A simple behavioral algorithm was extracted from observing young honeybees‘ behaviors in temperature fields, e.g. in their natural brood nest regions of their hives. These simple behavioral patterns obviously allow a group of actors to make joint decisions in complex and dynamic search environment. For example the environment might hold one optimal and several suboptimal, but still quite good, places, the agents will still aggregate in the global optimum after some time, until it is saturated with bees and then the second best option will be automatically chosen, until this option is saturated, and so on. This swarm-intelligent algorithm is called BEECLUST, as it is extracted from honeybee behavior and it operates via modulation of cluster binding strength dependent on the environmental quality of the cluster’s locations but also dependent of the densities of agents that participate.

How does BEECLUST work to let a swarm choose a global over several local optima?

  1. All robots move simply randomly, there is no need for any individual gradient ascent.

  2. If two agents meet (social component!) they both measure the local environmental quality, once.

  3. Based on this measure they decide how long they will rest at this place, doing nothing.

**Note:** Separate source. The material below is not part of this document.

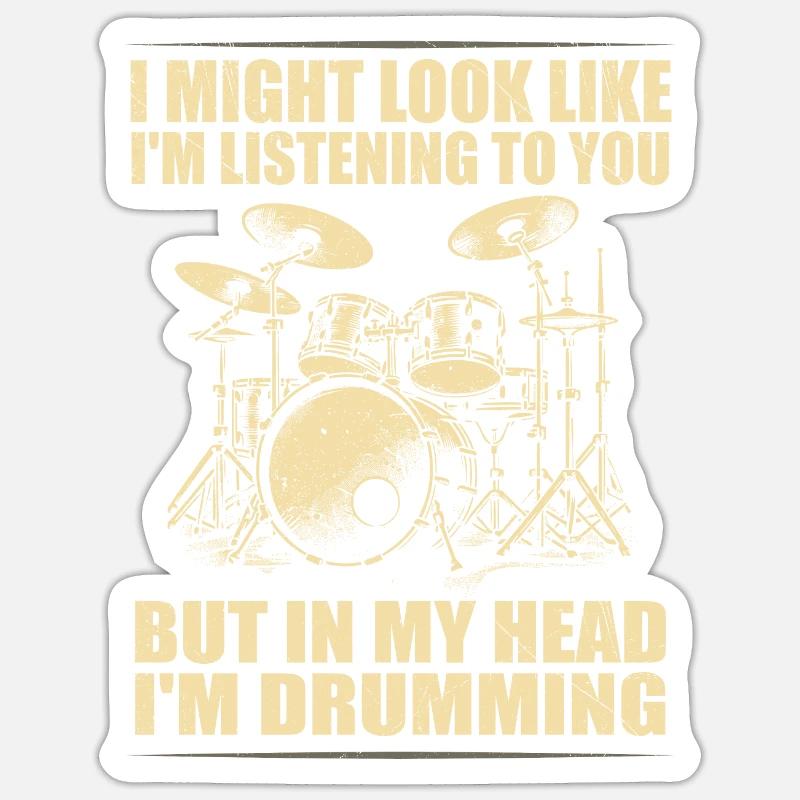 Batteur Drummer Drums Drumsticks Drumming Sticker taille S (10 x 10 cm)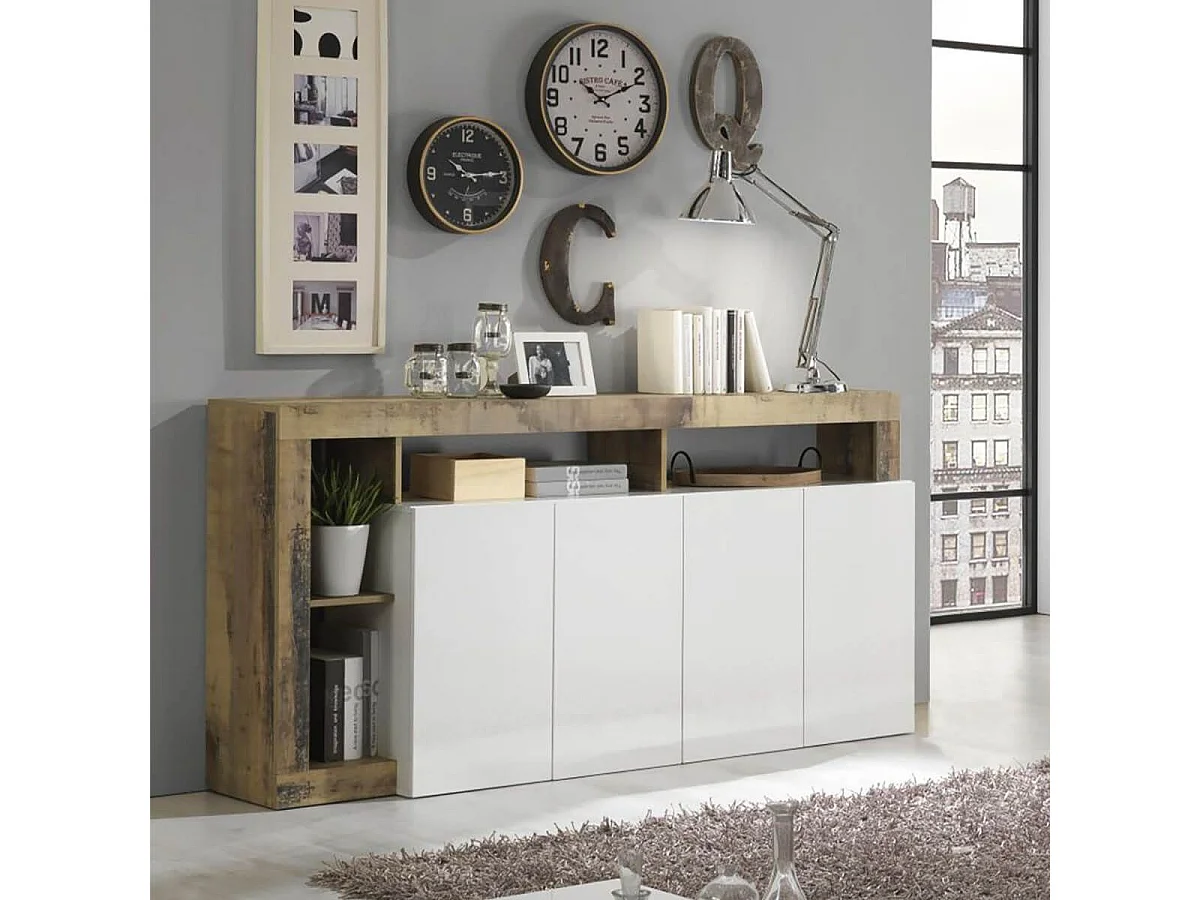 ARTURO - Buffet 4 Portes Blanc Laqué Encadrement Niches Aspect Bois Antik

  4. If the resting time has passed, they turn around (randomly) and continue with step 1

Why do I call the BEECLUST the simplest swarm algorithm that exists?

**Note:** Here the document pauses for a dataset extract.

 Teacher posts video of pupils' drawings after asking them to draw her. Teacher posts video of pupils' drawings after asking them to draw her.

Because it is extremely simple computation wise and it is characterized by a long list of capabilities that the agents do not need to have, while still being able to solve complex tasks collectively:

  1. The agents can move purely randomly, still they will aggregate at the global target zone. No individual gradient detection needed.

  2. Not any precise motion is required, the more irregular and noise the motion is, the better it works.

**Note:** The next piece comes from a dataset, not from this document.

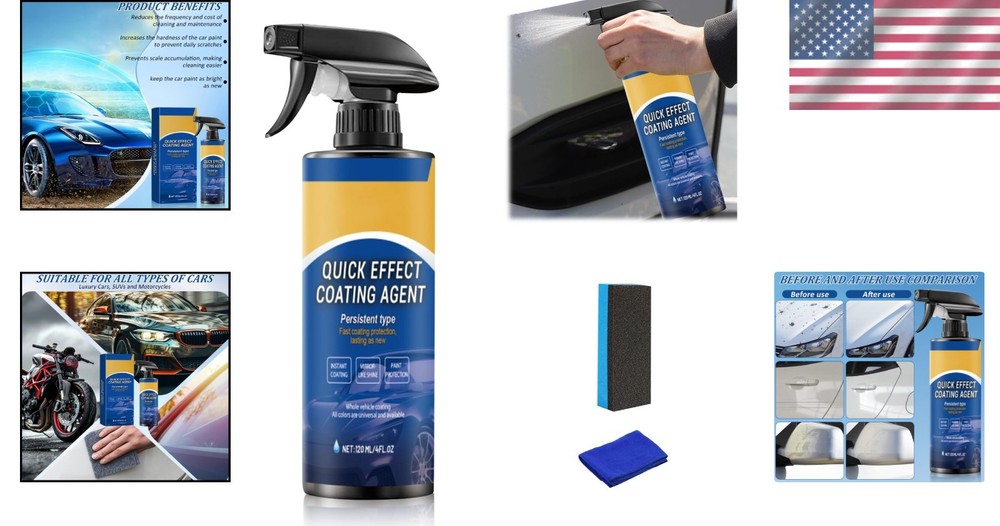 Multi-Surface Quick Effect Car Coating Spray - Effortless Shine & Protection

  3. The agents need no communication at all, they need just to realize when they (almost) bump into each other, e.g. via a camera.

  4. The agents need no map of the environment.

  5. The agents need no self-localization of any kind.

  6. The agents need no dedicated memory that memorize past measurements, just one internal waiting time clock (e.g., a time counter variable that counts linearly down) is required that is used to know when the resting time is over and motion can start again.

  7. The agents need no a-priori knowledge of the environmental qualities that exists.

  8. The agents need no ability to individually compare any past visited spots or between spots that are currently visited by other agents.

Why is it significant?

BEECLUST was first deeply analyzed in computer simulations and then implemented in many different robot swarms in order to make collective decisions together and it was found to always pick out the optimal of all possible solutions after some time. This capability is important for many tasks in autonomous robotics, e.g. for searching in complex and dynamic gradients, for mapping the habitat or for robotic self-assembly. The photographs here show only a subset of the robot swarms on which BEECLUST was successfully implemented to seek in very different gradient fields: light gradient fields, temperature gradient fields, water depth fields, magnetic fields in underwater swarms and in land-based robot swarms.